Book Networks of Nazi Persecution

Download or read book Networks of Nazi Persecution written by Gerald D. Feldman and published by Berghahn Books. This book was released on 2005 with total page 396 pages. Available in PDF, EPUB and Kindle. Book excerpt: The persecution and mass-murder of the Jews during World War II would not have been possible without the modern organization of division of labor. Moreover, the perpetrators were dependent on human and organizational resources they could not always control by hierarchy and coercion. Instead, the persecution of the Jews was based, to a large extent, on a web of inter-organizational relations encompassing a broad variety of non-hierarchical cooperation as well as rivalry and competition. Based on newly accessible government and corporate archives, this volume combines fresh evidence with an interpretation of the governance of persecution, presented by prominent historians and social scientists. Gerald D. Feldman was Professor of History and Director of the Institute of European Studies at the University of California, Berkeley. His special fields of interest were 20th-century German history, and he had a special interest in business history, most recently authoring a biography of Hugo Stinnes, participating in the history of the Deutsche Bank, and writing a history of the Allianz Insurance Company in the Nazi period. Wolfgang Seibel is Professor of Political Science at the University of Konstanz, Germany. Previous appointments include guest professorships at the Institute for Advanced Study, Vienna (1992), and the University of California at Berkeley (1994). He was also a temporary member of the School of Social Science (1989/90) and of the School of Historical Studies (2003) of the Institute of Advanced Study, Princeton.
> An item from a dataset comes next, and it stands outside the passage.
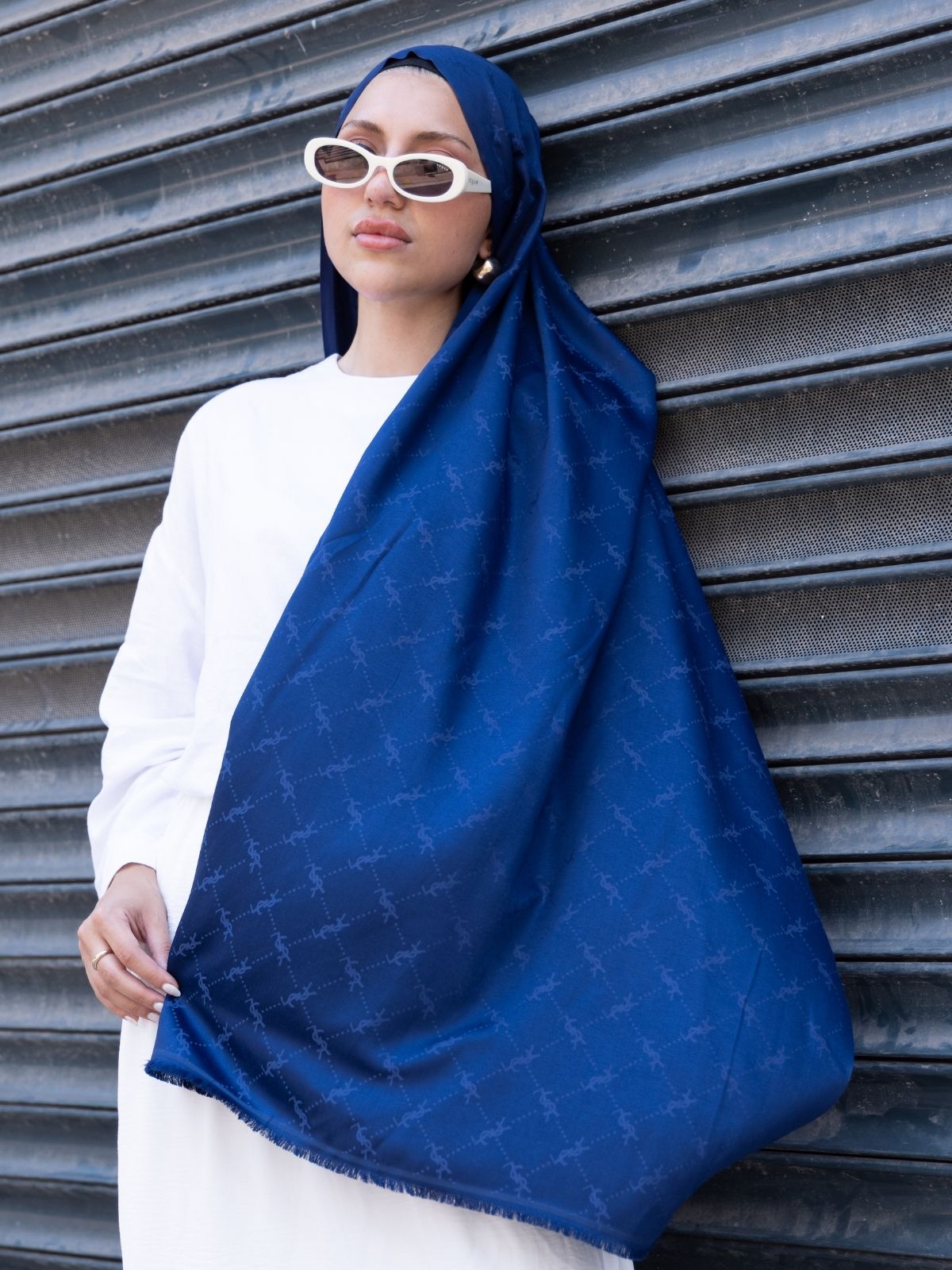 Ysl  Desen Kendinden Dokulu Desenli İtalyan Şal-10010-Lacivert - Görsel 3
Currently (2004/2005) he is a fellow of the Wissenschaftskolleg zu Berlin. His research is mainly devoted to issues of politics, public bureaucracy and non-governmental organizations.
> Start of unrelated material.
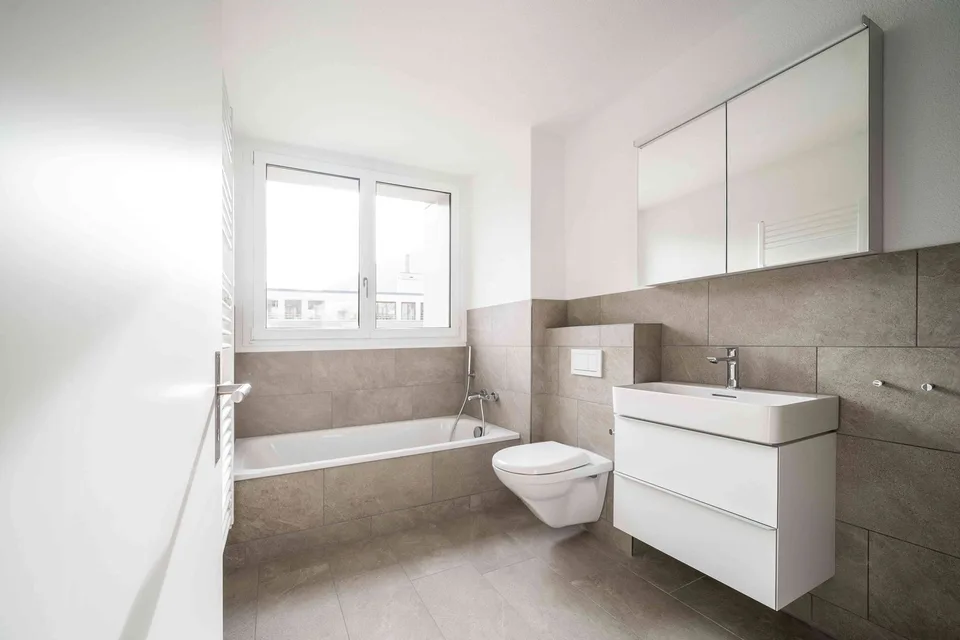 Grosszügige, komplett renovierte 5.5-Zimmer-Wohnung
Book Hitler in Los Angeles

    Book Details:
  • Author : Steven J. Ross
  • Publisher : Bloomsbury Publishing USA
  • Release : 2017-10-24
  • ISBN : 1620405644
  • Pages : 435 pages

Download or read book Hitler in Los Angeles written by Steven J. Ross and published by Bloomsbury Publishing USA. This book was released on 2017-10-24 with total page 435 pages. Available in PDF, EPUB and Kindle. Book excerpt: A 2018 FINALIST FOR THE PULITZER PRIZE “[Hitler in Los Angeles] is part thriller and all chiller, about how close the California Reich came to succeeding” (Los Angeles Times). No American city was more important to the Nazis than Los Angeles, home to Hollywood, the greatest propaganda machine in the world. The Nazis plotted to kill the city's Jews and to sabotage the nation's military installations: Plans existed for murdering twenty-four prominent Hollywood figures, such as Al Jolson, Charlie Chaplin, and Louis B. Mayer; for driving through Boyle Heights and machine-gunning as many Jews as possible; and for blowing up defense installations and seizing munitions from National Guard armories along the Pacific Coast. U.S. law enforcement agencies were not paying close attention--preferring to monitor Reds rather than Nazis--and only attorney Leon Lewis and his daring ring of spies stood in the way. From 1933 until the end of World War II, Lewis, the man Nazis would come to call “the most dangerous Jew in Los Angeles,” ran a spy operation comprised of military veterans and their wives who infiltrated every Nazi and fascist group in Los Angeles. Often rising to leadership positions, they uncovered and foiled the Nazi's disturbing plans for death and destruction. Featuring a large cast of Nazis, undercover agents, and colorful supporting players, the Los Angeles Times bestselling Hitler in Los Angeles, by acclaimed historian Steven J. Ross, tells the story of Lewis's daring spy network in a time when hate groups had moved from the margins to the mainstream.